EXERCISE PROMPT
For this exercise, the lines from the one with "Ink Caps - Skull" through the final line of the data below are to be transcribed exactly, and pictures are to be skipped.
——————————
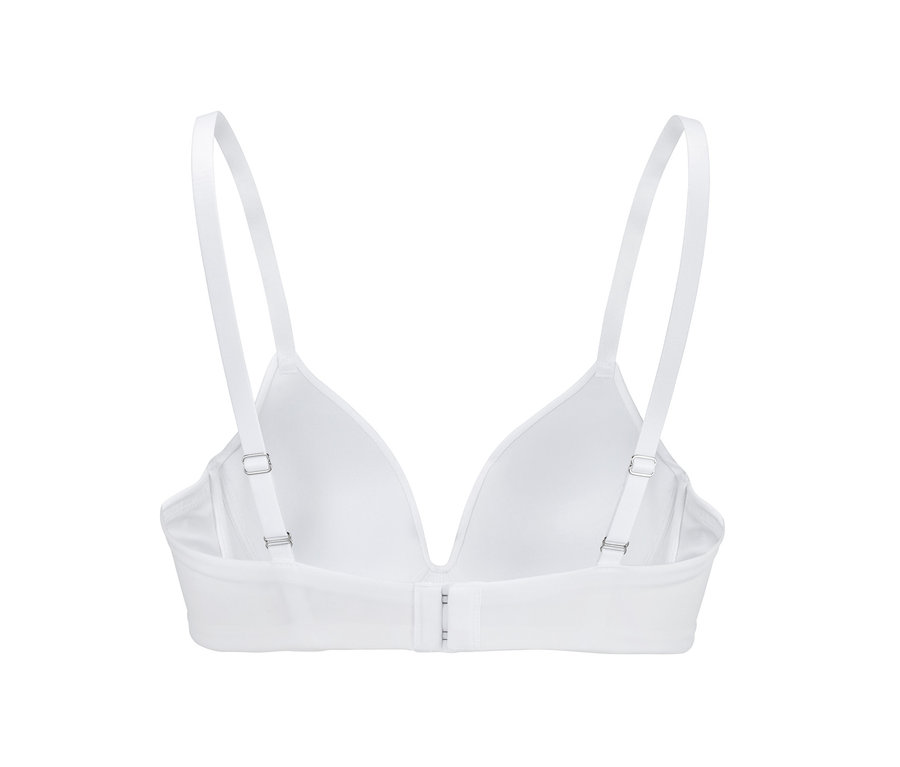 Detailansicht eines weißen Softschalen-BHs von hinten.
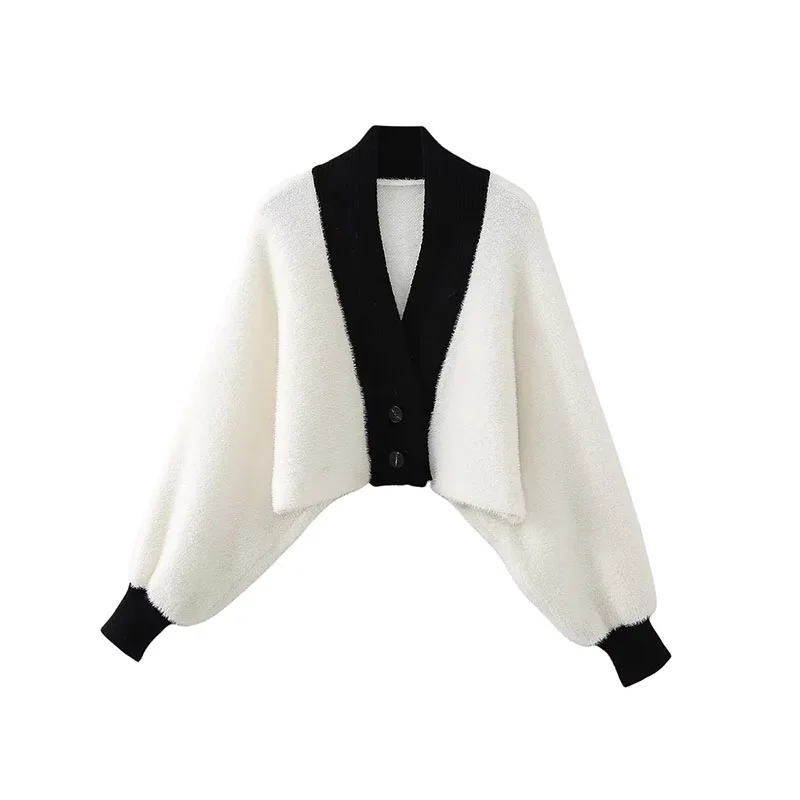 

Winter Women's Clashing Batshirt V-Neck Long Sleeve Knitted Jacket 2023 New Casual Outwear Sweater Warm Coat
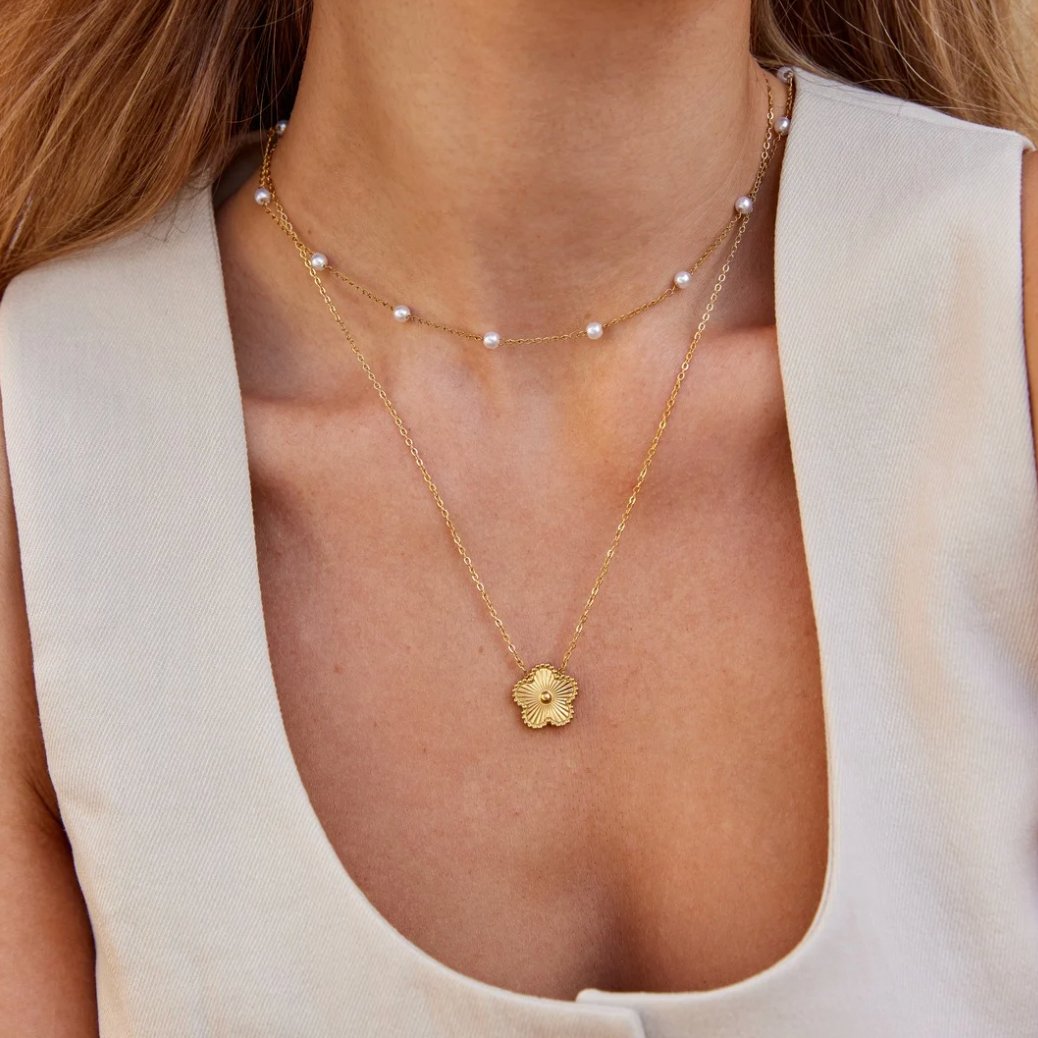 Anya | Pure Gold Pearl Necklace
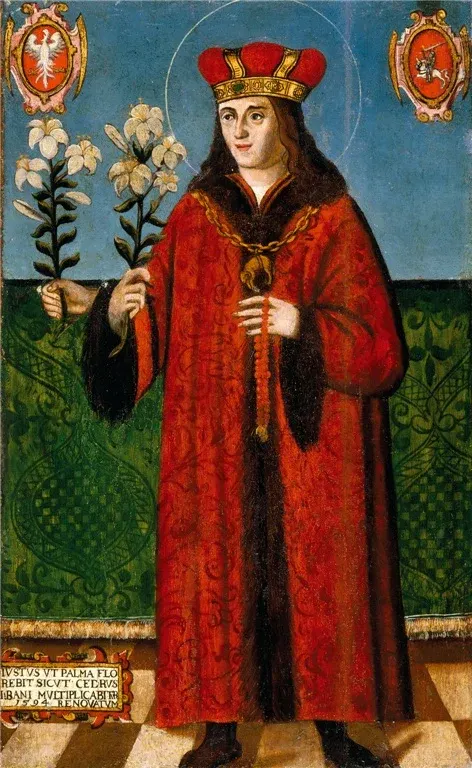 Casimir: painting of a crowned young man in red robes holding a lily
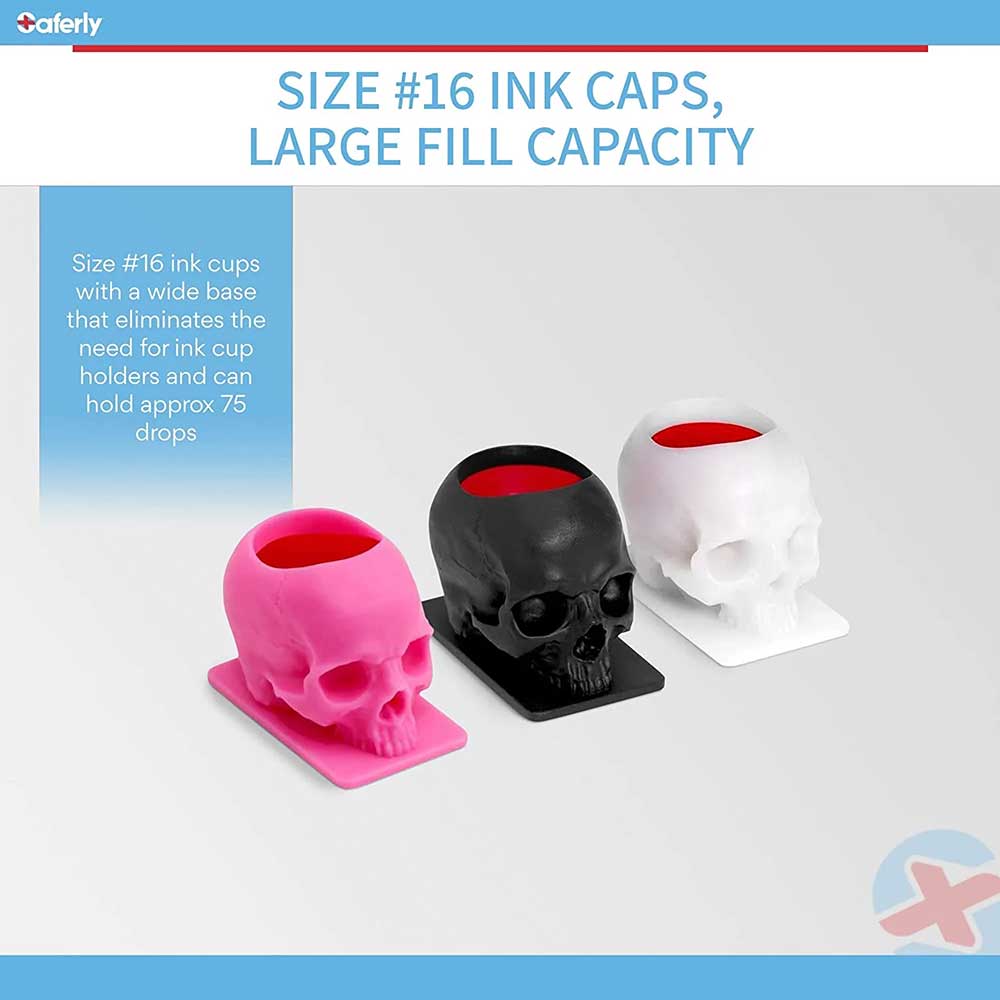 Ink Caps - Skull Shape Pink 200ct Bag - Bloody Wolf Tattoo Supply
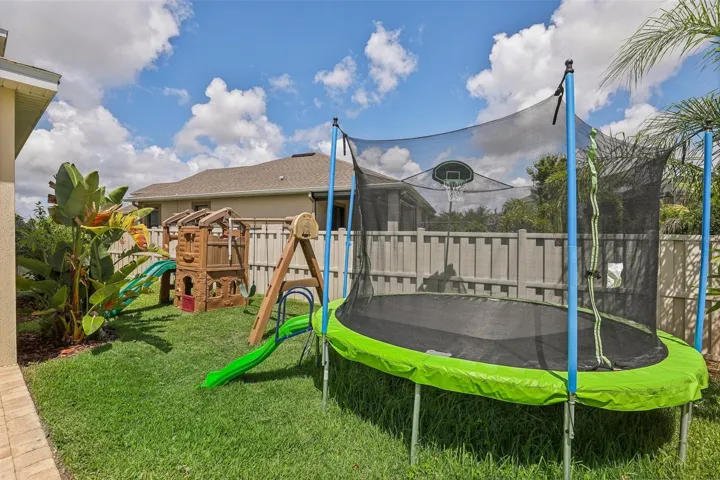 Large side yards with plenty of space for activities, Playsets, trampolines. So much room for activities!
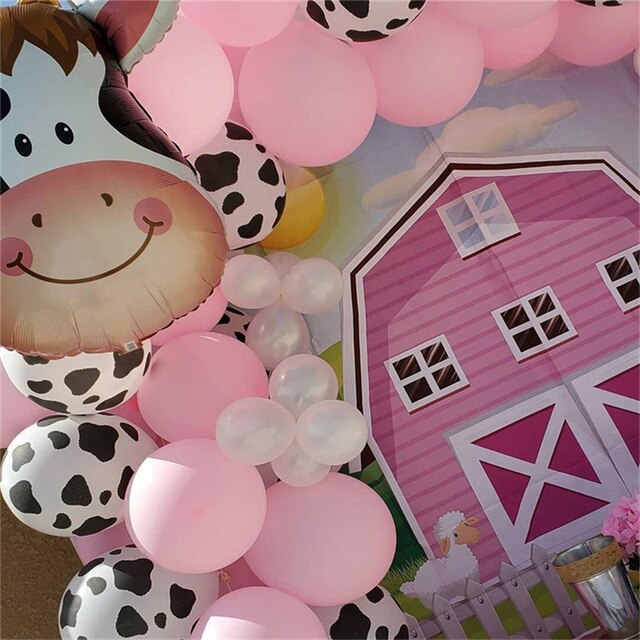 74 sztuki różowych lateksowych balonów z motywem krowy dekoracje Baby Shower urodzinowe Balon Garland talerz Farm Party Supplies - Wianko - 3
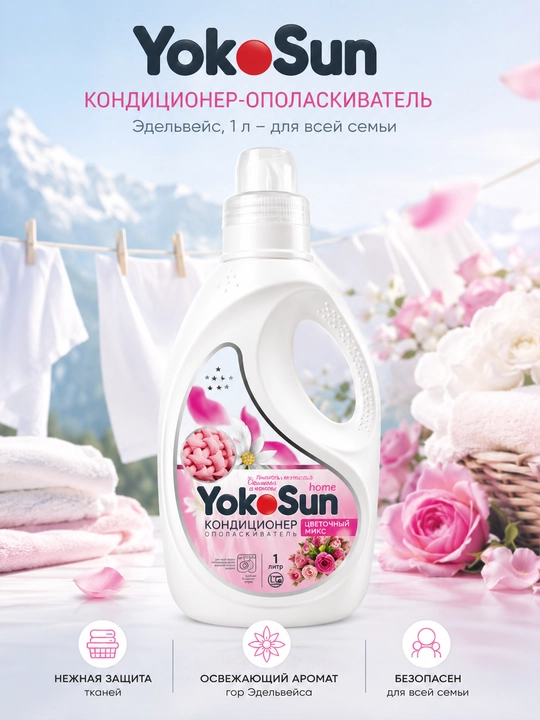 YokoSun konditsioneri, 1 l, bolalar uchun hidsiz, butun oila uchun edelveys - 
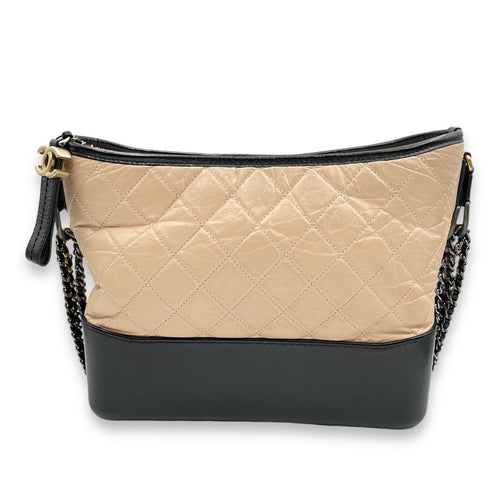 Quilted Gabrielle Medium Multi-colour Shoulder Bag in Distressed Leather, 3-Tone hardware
——————————
SOLVED PROBLEM
 Ink Caps - Skull Shape Pink 200ct Bag - Bloody Wolf Tattoo Supply
 Large side yards with plenty of space for activities, Playsets, trampolines. So much room for activities!
 74 sztuki różowych lateksowych balonów z motywem krowy dekoracje Baby Shower urodzinowe Balon Garland talerz Farm Party Supplies - Wianko - 3
 YokoSun konditsioneri, 1 l, bolalar uchun hidsiz, butun oila uchun edelveys - 
 Quilted Gabrielle Medium Multi-colour Shoulder Bag in Distressed Leather, 3-Tone hardware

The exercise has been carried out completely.